Brief - Please state how many lines of the data contain "Flower". The number by itself is enough.

Records supplied -
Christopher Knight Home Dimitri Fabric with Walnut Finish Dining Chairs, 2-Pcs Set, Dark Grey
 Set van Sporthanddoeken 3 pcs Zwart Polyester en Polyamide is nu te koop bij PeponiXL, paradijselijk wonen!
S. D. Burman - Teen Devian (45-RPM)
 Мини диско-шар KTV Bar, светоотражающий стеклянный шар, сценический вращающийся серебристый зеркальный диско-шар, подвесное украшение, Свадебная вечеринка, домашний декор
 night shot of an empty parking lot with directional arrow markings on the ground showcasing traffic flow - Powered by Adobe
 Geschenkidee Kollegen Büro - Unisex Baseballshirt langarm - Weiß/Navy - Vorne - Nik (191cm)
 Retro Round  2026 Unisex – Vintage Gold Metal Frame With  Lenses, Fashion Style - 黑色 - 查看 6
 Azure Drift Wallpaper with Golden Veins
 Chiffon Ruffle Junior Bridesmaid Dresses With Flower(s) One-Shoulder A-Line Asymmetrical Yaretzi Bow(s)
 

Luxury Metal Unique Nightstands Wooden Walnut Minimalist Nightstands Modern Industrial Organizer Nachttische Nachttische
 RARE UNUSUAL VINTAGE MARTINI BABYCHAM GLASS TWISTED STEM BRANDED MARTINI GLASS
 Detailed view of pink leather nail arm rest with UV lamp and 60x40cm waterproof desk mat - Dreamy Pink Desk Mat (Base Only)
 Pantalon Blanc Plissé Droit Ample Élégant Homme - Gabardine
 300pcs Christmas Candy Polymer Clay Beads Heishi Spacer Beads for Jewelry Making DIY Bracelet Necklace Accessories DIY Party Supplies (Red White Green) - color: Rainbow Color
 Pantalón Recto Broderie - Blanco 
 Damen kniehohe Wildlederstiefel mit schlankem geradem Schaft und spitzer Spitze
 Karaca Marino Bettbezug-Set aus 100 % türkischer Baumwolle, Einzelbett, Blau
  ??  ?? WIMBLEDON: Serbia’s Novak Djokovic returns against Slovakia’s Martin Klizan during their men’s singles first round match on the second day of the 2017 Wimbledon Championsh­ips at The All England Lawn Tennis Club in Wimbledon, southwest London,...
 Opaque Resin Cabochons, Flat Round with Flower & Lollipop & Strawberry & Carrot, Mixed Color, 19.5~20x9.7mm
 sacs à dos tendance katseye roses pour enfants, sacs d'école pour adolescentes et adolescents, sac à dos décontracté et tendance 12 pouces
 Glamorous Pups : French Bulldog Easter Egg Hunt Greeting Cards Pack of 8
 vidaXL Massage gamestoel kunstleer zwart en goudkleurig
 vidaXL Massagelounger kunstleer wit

Answer box - 2